- [What you will do]
Reproduce the entries. Each one must match the original exactly.
Top of Data shown
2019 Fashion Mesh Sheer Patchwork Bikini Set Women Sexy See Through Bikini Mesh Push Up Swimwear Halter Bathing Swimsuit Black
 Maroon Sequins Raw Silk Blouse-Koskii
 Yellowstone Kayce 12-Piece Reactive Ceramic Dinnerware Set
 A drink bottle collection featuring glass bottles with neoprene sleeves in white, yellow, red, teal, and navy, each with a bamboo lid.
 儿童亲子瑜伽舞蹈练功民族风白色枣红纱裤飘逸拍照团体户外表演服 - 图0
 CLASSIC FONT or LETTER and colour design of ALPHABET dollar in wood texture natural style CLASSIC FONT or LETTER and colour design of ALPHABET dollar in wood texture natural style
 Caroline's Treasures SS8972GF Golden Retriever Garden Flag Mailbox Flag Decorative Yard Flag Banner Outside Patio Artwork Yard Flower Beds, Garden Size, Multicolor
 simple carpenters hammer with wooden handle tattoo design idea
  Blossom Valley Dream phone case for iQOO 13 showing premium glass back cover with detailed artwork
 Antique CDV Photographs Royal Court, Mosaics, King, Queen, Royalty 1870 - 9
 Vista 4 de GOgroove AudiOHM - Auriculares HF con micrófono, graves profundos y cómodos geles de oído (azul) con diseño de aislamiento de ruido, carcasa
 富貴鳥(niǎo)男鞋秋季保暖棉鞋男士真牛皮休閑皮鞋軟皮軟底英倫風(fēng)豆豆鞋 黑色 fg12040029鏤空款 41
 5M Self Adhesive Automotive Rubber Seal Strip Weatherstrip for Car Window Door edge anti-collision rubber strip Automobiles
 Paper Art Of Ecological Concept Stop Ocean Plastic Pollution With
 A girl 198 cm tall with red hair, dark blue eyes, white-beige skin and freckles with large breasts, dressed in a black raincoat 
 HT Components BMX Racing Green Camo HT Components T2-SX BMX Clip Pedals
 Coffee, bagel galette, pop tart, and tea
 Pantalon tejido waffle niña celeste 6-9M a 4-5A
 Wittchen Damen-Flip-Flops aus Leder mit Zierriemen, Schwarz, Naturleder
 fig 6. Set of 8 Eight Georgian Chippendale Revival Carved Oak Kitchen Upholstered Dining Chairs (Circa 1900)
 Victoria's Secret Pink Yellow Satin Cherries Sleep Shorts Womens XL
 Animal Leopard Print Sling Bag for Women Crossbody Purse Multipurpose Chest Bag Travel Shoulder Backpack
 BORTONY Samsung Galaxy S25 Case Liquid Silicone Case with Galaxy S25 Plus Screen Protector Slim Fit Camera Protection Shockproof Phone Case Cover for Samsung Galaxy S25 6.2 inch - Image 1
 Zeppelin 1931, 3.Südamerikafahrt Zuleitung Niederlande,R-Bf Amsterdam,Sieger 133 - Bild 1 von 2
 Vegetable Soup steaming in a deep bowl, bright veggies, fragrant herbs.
Bottom of Data shown
- [Solution]
2019 Fashion Mesh Sheer Patchwork Bikini Set Women Sexy See Through Bikini Mesh Push Up Swimwear Halter Bathing Swimsuit Black
 Maroon Sequins Raw Silk Blouse-Koskii
 Yellowstone Kayce 12-Piece Reactive Ceramic Dinnerware Set
 A drink bottle collection featuring glass bottles with neoprene sleeves in white, yellow, red, teal, and navy, each with a bamboo lid.
 儿童亲子瑜伽舞蹈练功民族风白色枣红纱裤飘逸拍照团体户外表演服 - 图0
 CLASSIC FONT or LETTER and colour design of ALPHABET dollar in wood texture natural style CLASSIC FONT or LETTER and colour design of ALPHABET dollar in wood texture natural style
 Caroline's Treasures SS8972GF Golden Retriever Garden Flag Mailbox Flag Decorative Yard Flag Banner Outside Patio Artwork Yard Flower Beds, Garden Size, Multicolor
 simple carpenters hammer with wooden handle tattoo design idea
  Blossom Valley Dream phone case for iQOO 13 showing premium glass back cover with detailed artwork
 Antique CDV Photographs Royal Court, Mosaics, King, Queen, Royalty 1870 - 9
 Vista 4 de GOgroove AudiOHM - Auriculares HF con micrófono, graves profundos y cómodos geles de oído (azul) con diseño de aislamiento de ruido, carcasa
 富貴鳥(niǎo)男鞋秋季保暖棉鞋男士真牛皮休閑皮鞋軟皮軟底英倫風(fēng)豆豆鞋 黑色 fg12040029鏤空款 41
 5M Self Adhesive Automotive Rubber Seal Strip Weatherstrip for Car Window Door edge anti-collision rubber strip Automobiles
 Paper Art Of Ecological Concept Stop Ocean Plastic Pollution With
 A girl 198 cm tall with red hair, dark blue eyes, white-beige skin and freckles with large breasts, dressed in a black raincoat 
 HT Components BMX Racing Green Camo HT Components T2-SX BMX Clip Pedals
 Coffee, bagel galette, pop tart, and tea
 Pantalon tejido waffle niña celeste 6-9M a 4-5A
 Wittchen Damen-Flip-Flops aus Leder mit Zierriemen, Schwarz, Naturleder
 fig 6. Set of 8 Eight Georgian Chippendale Revival Carved Oak Kitchen Upholstered Dining Chairs (Circa 1900)
 Victoria's Secret Pink Yellow Satin Cherries Sleep Shorts Womens XL
 Animal Leopard Print Sling Bag for Women Crossbody Purse Multipurpose Chest Bag Travel Shoulder Backpack
 BORTONY Samsung Galaxy S25 Case Liquid Silicone Case with Galaxy S25 Plus Screen Protector Slim Fit Camera Protection Shockproof Phone Case Cover for Samsung Galaxy S25 6.2 inch - Image 1
 Zeppelin 1931, 3.Südamerikafahrt Zuleitung Niederlande,R-Bf Amsterdam,Sieger 133 - Bild 1 von 2
 Vegetable Soup steaming in a deep bowl, bright veggies, fragrant herbs.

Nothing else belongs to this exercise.